• EXERCISE
Return all the lines below exactly. Any picture among them is omitted.

• STUDY MATERIAL
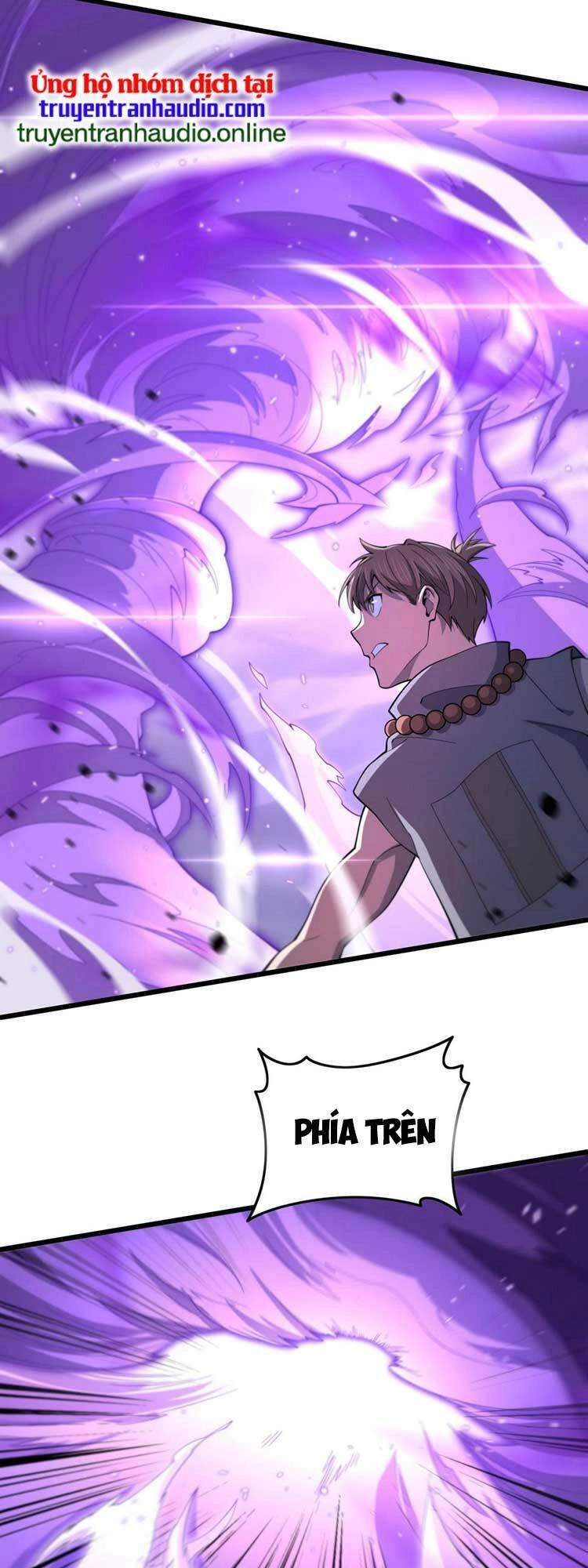 Đại Sư Phụ Hạ Sơn Chapter 73 - 23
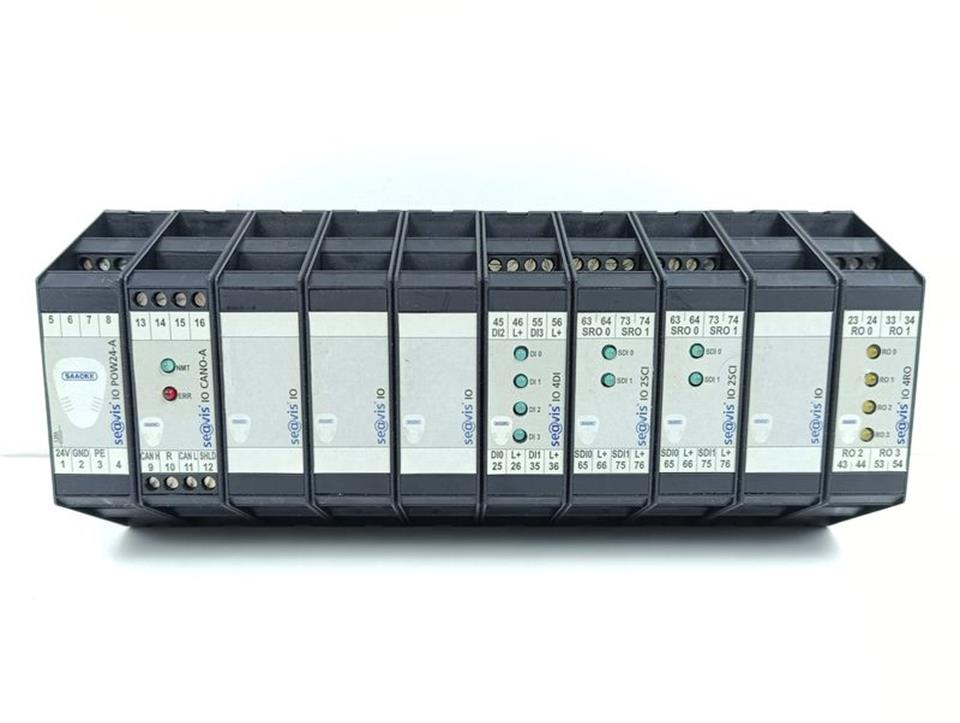 saacke-sevis-compact-modul-00636648-top-zustand-80671-2.jpg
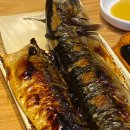 미스터손두부보쌈 이미지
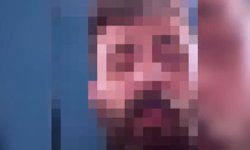 Gülistan Doku soruşturmasında tutuklu sayısı 9 oldu (5)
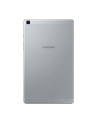 samsung electronics polska Tablet Samsung SM-T290 Silver TabA (2019) 80 32GB - nr 6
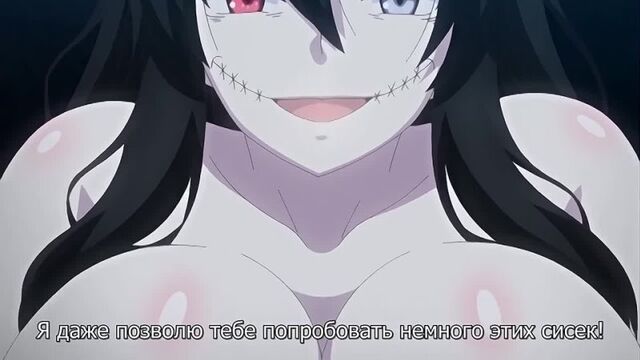 HD порно 167476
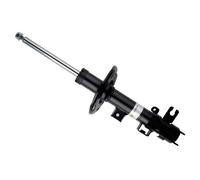 New Shock Absorber for MAZDA:CX-5 KB8M-34-700 KB7W-34-700B KN3L-34-700B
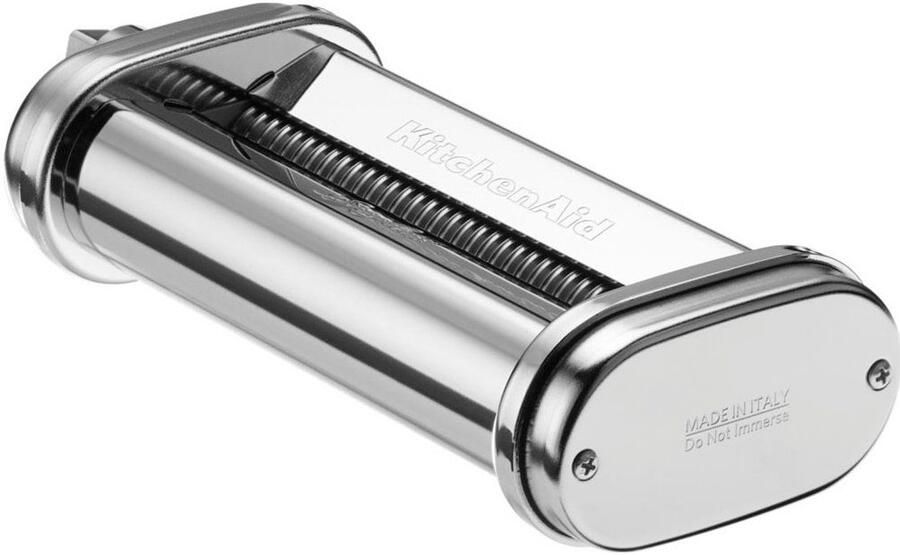 KitchenAid Keukenmachine 5KSM125EOB - Foto 10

• REPLY
 Đại Sư Phụ Hạ Sơn Chapter 73 - 23
 saacke-sevis-compact-modul-00636648-top-zustand-80671-2.jpg
 미스터손두부보쌈 이미지
 Gülistan Doku soruşturmasında tutuklu sayısı 9 oldu (5)
 samsung electronics polska Tablet Samsung SM-T290 Silver TabA (2019) 80 32GB - nr 6
 HD порно 167476
 New Shock Absorber for MAZDA:CX-5 KB8M-34-700 KB7W-34-700B KN3L-34-700B
 KitchenAid Keukenmachine 5KSM125EOB - Foto 10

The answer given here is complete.